The field, which is now part of Crescent Lake Park and used for local Little League teams, served as a Major League Baseball spring training facility for the New York Yankees for various years spanning 1925-1961, the New York Mets 1962-1987, and the Baltimore Orioles 1992-95. The New York Giants used the field in 1951.
“Major League Baseball spring training has long been an indelible part of Florida’s culture and few sites are as intricately linked to spring training as Huggins-Stengel Field,” Lee said.
A total of 17 New York Yankees World Series winning teams played at Huggins-Stengel Field in addition to the 1969 and 1986 New York Mets championship teams.
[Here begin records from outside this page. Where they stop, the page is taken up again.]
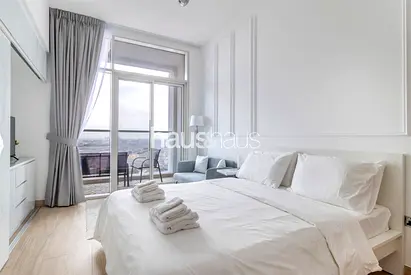 Furnished Studio | High Floor | Available Now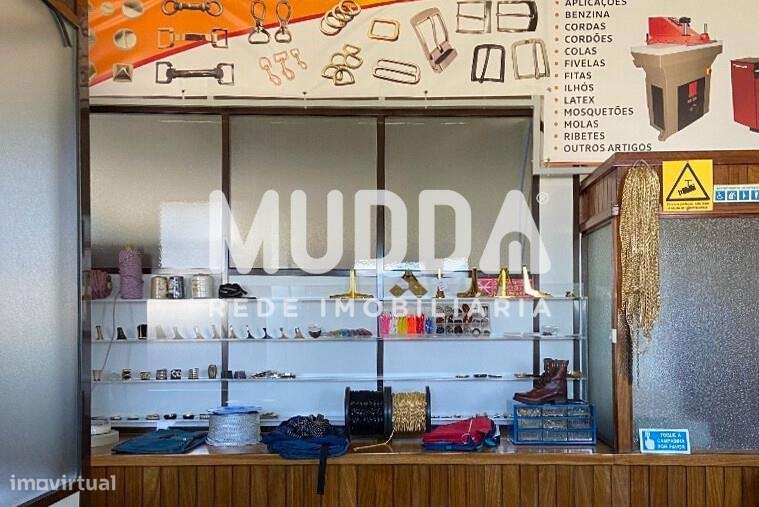 Espaçoso Pavilhão na Zona Industrial de São João da Madeira - Grande imagem: 4/21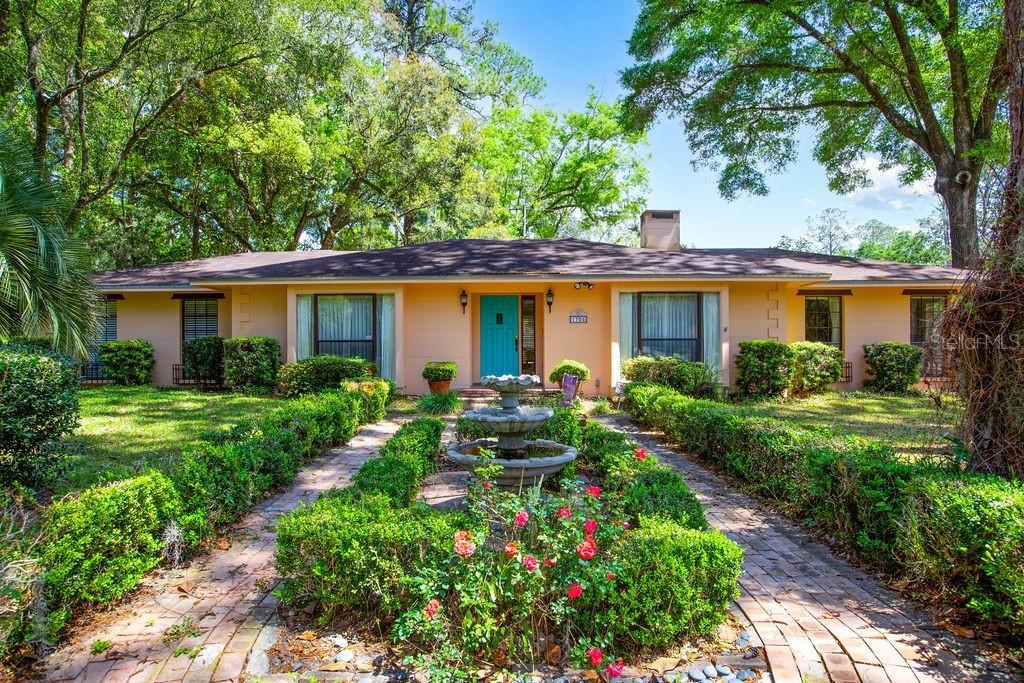 1705 NW 22nd Dr., Gainesville, FL 32605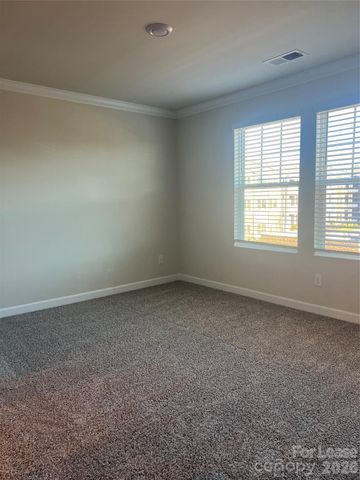 3718 Memorial Parkway, Charlotte, NC 28217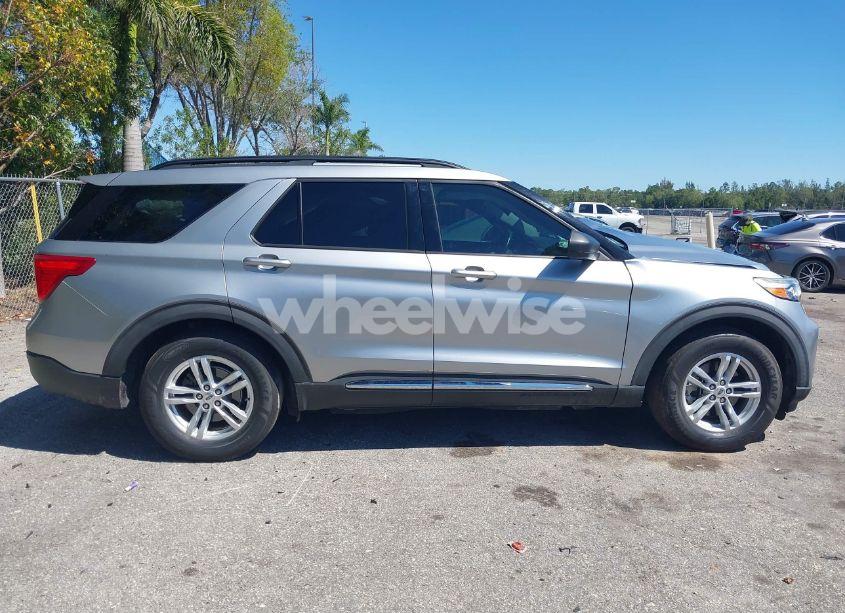 Photo 13 of 2020 Ford Explorer XLT (VIN 1FMSK7DHXLGC75846)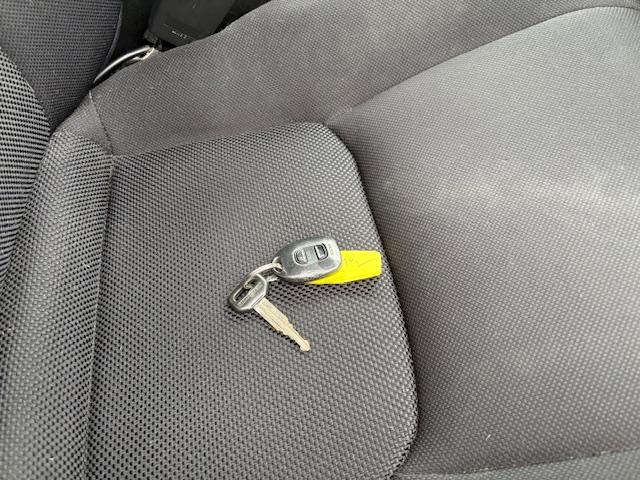 コペン アクティブトップ　電動オープン開閉可能　オープンカー　ナビ　ＴＶ　ＡＴ　キーレスエントリー　純正１５インチアルミホイール　ＣＤ　ＤＶＤ再生　エアコン　パワーステアリング　パワーウィンドウ　運転席エアバッグ（52枚目）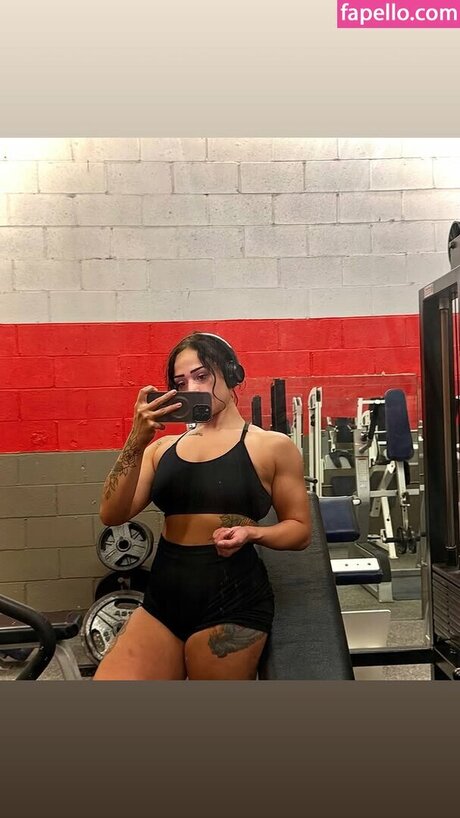 Kingandrea model exclusive images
Initially named Crescent Park Field, the name was changed to Huggins-Stengel Field in 1962 in honor of renowned Yankees team managers Miller Huggins and Casey Stengel.
The field was custom built for baseball legend Babe Ruth.
Major League Baseball spring training was a significant tourist draw for the city of St. Petersburg. The Huggins-Stengel Field launched St. Pete as a major destination for spring training.
The field has been home to many historic moments in baseball. Joe DiMaggio played for the first time as a New York Yankee in 1936 and Lou Gehrig first started showing signs of amyotrophic lateral sclerosis (ALS), during spring training in 1939 in St. Pete. The disease was ultimately named after Gehrig.
Some of baseball’s all-time greats played on the field including Ruth, Gehrig, DiMaggio, Yogi Berra, Mickey Mantle, Willie Mays, Tom Seaver, Nolan Ryan and Cal Ripken Jr. among others.
The field was retired as a spring training destination in 1995 after the Baltimore Orioles played the final season at that location.
The city of St. Pete designated Huggins-Stengel Field a local historic landmark in 2018.
The National Register of Historic Places is a list maintained by the National Park Service of sites considered worthy of preservation because of their local, statewide or national significance.
Nominations for properties in Florida are submitted to the National Park Service through the Florida Department of State’s Division of Historical Resources. Florida has more than 1,700 listings on the National Register, including 295 historic districts and 175 archaeological sites.